And it begins again
Posted: 2009/11/19 Filed under: 2009 Hang Zhou, China, Hitchcock, Modernity 1 Comment »What has been in the past a travel log and diary sent in small packets to friends and loved ones has become this journal. Perhaps, in its meanderings, it will continue beyond its logical end; that is something to be decided. For now, it begins again in Las Vegas McCarren Airport, as I am about to depart for Hangzhou to teach for what now seems to be far too short a time. I make no representations or promises except to say that I will be neither excessively personal or academic—but friends and academics may disagree. C’est la vie.
Airports are the height of modernity. It is no accident that Marc Augé begins his anthropology of super-modernity with a trip to the airport. Unlike Augé‘s protagonist, I am guessing, I am a little less well kept. My automobile might be as insulated, but my garment bag is packed with dirty suits: a tacit awareness that good dry cleaning is likely easier and less expensive in the place I am going. Last evening was occupied by gluing a loose piece of turquoise into a favorite bracelet and contending with other evidence of my disorganization. Perhaps, in these small preoccupations, I am more like Augé‘s traveler than I care to admit.
Whether one defines modernity as a condition of displacement, isolation, or one of continual change, the airport, like the railway station before it, epitomizes them all. It is the intersection of shifting time, and people removed from gods and ground; those things that make the story of their place, if they have one at all. Borrowing a page from Hitchcock, we each become Cary Grant moving from scene to scene, handing our dirty suits to a porter for a sponge and press after each narrow escape. Somehow, however, we fair much worse in appearance.

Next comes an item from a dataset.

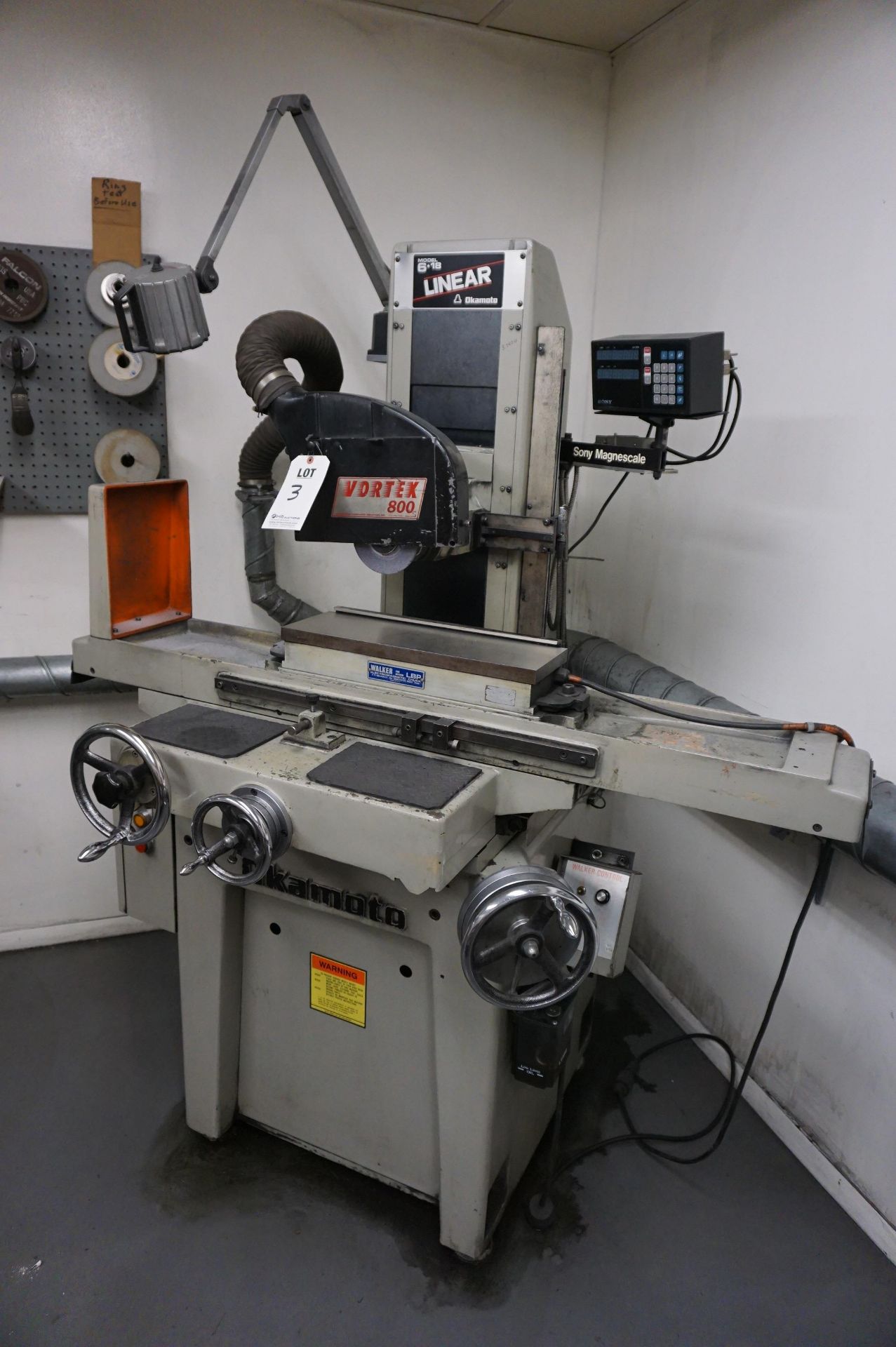 OKAMOTO 6" X 12" MANUAL SURFACE GRINDER MODEL PFG-618, S/N 8499U, WALKER ELECTROMAGNETIC FINE POLE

In North by Northwest, Grant’s character boards the 20th Century Limited. Borrowing Augé‘s lens and definitions, it is easy to see in hindsight that these presumed conveniences were in themselves recognized experiential icons of aspirational super-modernity. It is, what the Henry Dreyfus paint stood for: the ability to transpose experience through space and across time. It is, in essence what I am about to do, even if in my casual way, I take it for granted.